The shape of the obligation

DORA organises its requirements around a few connected themes:

  • ICT risk management — a structured framework for identifying, protecting against, detecting, and recovering from technology risk.
  • Incident reporting — consistent classification and timely reporting of major ICT-related incidents.
  • Resilience testing — regular testing of systems, up to and including threat-led penetration testing for the most significant firms.
  • Third-party risk — active management and oversight of the ICT providers a firm relies on, rather than trusting the contract and looking away.
  • Information sharing — cooperation on cyber threats across the sector.
DORA treats resilience as something you continuously demonstrate, not something you assert in a policy document.

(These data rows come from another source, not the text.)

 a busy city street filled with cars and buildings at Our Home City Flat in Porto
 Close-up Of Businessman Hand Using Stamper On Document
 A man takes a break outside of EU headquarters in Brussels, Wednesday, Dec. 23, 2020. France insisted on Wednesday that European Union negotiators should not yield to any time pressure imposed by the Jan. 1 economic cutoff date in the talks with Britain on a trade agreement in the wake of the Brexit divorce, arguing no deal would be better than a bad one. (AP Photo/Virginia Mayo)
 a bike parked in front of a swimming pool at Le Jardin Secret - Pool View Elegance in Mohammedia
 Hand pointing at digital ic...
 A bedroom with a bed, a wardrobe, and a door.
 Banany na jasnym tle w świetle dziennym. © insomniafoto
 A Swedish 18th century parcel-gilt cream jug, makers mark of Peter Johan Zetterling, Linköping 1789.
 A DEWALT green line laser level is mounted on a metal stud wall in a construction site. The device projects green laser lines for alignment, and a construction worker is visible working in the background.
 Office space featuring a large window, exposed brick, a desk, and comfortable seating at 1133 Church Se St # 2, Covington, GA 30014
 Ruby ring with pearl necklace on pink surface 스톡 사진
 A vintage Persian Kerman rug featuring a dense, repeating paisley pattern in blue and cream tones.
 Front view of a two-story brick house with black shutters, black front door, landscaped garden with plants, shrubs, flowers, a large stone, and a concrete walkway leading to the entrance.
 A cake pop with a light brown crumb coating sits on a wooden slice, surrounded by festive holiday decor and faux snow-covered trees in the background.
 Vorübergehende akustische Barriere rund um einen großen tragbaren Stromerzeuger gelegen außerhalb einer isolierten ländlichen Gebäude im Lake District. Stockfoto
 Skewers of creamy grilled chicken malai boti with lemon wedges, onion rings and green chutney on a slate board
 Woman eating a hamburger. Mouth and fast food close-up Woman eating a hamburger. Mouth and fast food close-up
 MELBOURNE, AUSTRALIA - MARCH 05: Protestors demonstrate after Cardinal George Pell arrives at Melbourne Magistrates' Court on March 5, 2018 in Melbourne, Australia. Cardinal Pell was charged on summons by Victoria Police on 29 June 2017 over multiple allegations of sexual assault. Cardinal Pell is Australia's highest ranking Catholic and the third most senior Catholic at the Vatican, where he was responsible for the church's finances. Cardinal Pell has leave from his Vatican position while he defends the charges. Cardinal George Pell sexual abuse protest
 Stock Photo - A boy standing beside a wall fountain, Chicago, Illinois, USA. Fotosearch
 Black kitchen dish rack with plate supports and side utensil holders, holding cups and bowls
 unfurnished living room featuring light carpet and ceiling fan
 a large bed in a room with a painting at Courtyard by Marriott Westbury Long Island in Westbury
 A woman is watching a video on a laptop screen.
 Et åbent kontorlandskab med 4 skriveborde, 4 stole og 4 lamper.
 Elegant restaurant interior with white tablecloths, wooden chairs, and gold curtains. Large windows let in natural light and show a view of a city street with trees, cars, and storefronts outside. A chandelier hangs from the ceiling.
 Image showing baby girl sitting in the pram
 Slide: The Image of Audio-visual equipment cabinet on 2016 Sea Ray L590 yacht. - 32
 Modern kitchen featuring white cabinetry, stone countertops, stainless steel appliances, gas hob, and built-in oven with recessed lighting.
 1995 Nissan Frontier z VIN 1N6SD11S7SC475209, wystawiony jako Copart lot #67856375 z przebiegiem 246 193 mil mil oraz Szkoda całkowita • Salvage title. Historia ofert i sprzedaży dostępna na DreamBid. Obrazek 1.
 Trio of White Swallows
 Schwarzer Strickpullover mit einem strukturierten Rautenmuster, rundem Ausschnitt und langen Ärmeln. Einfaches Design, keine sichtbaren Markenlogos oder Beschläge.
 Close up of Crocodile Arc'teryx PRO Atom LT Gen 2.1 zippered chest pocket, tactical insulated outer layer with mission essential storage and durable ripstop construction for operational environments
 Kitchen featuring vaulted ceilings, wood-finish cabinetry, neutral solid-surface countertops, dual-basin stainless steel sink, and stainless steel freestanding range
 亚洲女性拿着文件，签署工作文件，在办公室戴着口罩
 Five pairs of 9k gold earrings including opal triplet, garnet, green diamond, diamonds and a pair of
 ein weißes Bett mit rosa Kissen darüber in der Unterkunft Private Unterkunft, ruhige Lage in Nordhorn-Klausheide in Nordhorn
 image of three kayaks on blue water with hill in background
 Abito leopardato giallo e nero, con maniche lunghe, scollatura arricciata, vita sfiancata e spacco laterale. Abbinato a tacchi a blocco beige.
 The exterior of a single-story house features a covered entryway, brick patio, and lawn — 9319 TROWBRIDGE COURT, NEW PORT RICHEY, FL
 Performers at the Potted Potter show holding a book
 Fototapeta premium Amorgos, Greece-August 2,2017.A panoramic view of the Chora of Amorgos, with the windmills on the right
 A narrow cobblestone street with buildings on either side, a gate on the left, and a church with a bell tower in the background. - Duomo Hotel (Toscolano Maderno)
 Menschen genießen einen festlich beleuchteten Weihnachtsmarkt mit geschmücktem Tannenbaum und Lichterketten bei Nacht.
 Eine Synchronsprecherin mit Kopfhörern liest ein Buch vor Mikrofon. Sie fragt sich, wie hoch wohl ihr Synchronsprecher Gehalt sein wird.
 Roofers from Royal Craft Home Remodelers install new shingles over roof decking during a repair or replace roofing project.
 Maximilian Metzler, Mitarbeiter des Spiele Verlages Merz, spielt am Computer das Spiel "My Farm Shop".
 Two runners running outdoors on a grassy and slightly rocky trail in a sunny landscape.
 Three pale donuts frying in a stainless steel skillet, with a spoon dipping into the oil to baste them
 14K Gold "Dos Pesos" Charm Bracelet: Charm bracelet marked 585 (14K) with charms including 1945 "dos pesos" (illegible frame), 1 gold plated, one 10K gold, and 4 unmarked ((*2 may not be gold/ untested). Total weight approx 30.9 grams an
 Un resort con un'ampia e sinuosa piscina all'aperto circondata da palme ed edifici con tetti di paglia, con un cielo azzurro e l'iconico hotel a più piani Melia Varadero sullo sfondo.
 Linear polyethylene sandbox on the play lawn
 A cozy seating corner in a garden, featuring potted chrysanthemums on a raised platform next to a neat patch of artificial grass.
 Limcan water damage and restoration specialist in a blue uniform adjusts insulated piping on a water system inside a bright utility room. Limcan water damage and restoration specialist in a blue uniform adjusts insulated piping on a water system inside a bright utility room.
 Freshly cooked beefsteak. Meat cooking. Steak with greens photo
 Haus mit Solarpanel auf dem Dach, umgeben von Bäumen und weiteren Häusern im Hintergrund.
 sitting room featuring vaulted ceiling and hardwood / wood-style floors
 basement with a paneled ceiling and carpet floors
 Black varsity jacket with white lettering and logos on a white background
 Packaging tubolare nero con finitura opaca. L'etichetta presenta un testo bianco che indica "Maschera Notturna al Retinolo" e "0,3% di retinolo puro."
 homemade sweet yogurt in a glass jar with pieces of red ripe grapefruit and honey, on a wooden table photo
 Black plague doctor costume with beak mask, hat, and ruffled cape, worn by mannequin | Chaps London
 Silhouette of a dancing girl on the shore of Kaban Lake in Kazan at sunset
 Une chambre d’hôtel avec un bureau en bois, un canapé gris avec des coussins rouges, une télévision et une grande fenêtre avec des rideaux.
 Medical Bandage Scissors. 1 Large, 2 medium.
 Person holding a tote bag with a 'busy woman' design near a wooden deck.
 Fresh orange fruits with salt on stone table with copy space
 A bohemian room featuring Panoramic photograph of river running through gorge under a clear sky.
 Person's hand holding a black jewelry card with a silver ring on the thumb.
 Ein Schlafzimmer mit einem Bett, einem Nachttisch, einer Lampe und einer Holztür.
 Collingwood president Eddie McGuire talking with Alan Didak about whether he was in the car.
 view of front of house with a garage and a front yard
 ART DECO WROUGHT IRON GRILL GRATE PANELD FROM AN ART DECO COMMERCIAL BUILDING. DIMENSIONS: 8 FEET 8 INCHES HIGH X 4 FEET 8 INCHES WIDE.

Why this is an engineering and process challenge

It is tempting to read DORA as a compliance programme, but most of its weight lands on how systems are actually built and operated. Testable resilience requires real observability, dependable recovery, and quality engineering practices that hold under stress. Incident reporting requires detection and classification that only work if the underlying monitoring is sound. And third-party risk management requires understanding your true dependency map — including the providers behind your providers.

What good looks like

  • A dependency map that reflects reality, including critical ICT third parties and concentration risk.
  • Resilience built and tested as an engineering property, not described in a binder.
  • Incident detection and reporting wired into the same monitoring that runs day to day.
  • Clear ownership and governance, so resilience has an owner rather than being everyone's and no one's job.

The firms treating DORA as an excuse to genuinely strengthen how they build and run technology — rather than as a reporting exercise — are the ones getting durable value from it, well beyond the regulation itself.